DATA SHOWN:
= Beginning of Section =

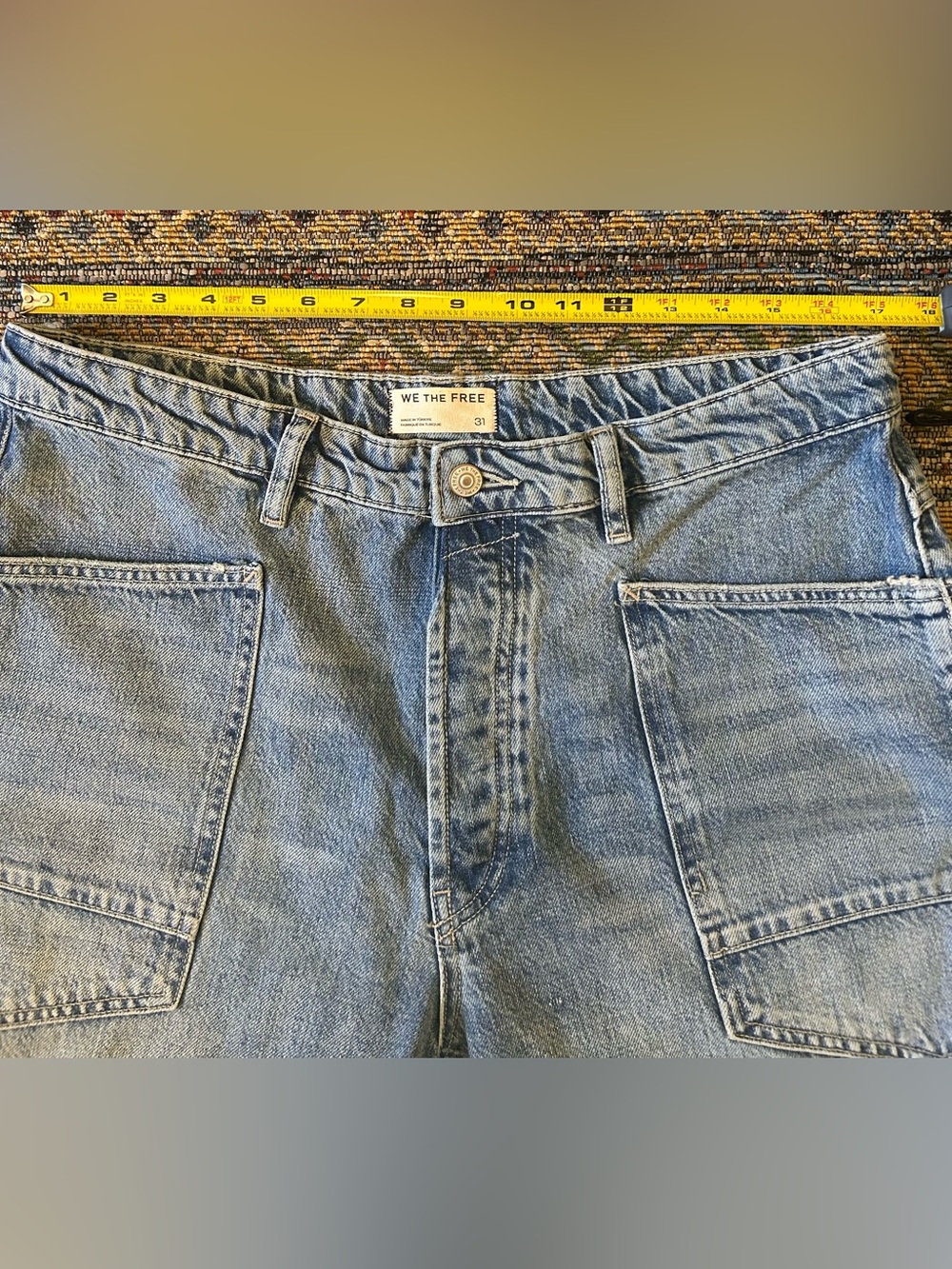 Free People We the Free Minimalist Moxie Barrel Jean Size 31 Light Wash - Picture 7 of 10
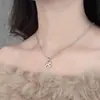 Exquisito Colgante de Pony para Mujer, Moderno y Elegante, Cadena para Clavícula de Estilo Fresco, Gargantilla Versátil de Personalidad Estilo Ins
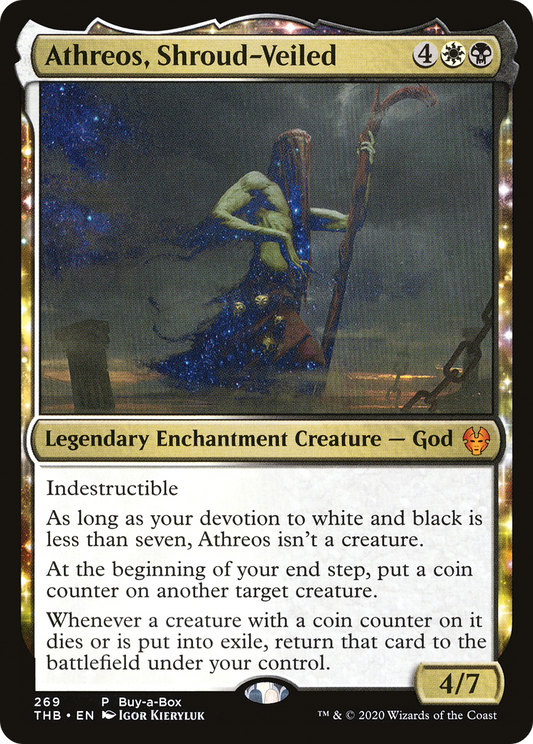 Athreos, Shroud-Veiled (BABP-269) - Theros Beyond Death Foil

= End of Section =

WORK ITEM: Set down the whole listing word for word, omitting the pictures.

EXPECTED OUTPUT:
 Free People We the Free Minimalist Moxie Barrel Jean Size 31 Light Wash - Picture 7 of 10
 Exquisito Colgante de Pony para Mujer, Moderno y Elegante, Cadena para Clavícula de Estilo Fresco, Gargantilla Versátil de Personalidad Estilo Ins
 Athreos, Shroud-Veiled (BABP-269) - Theros Beyond Death Foil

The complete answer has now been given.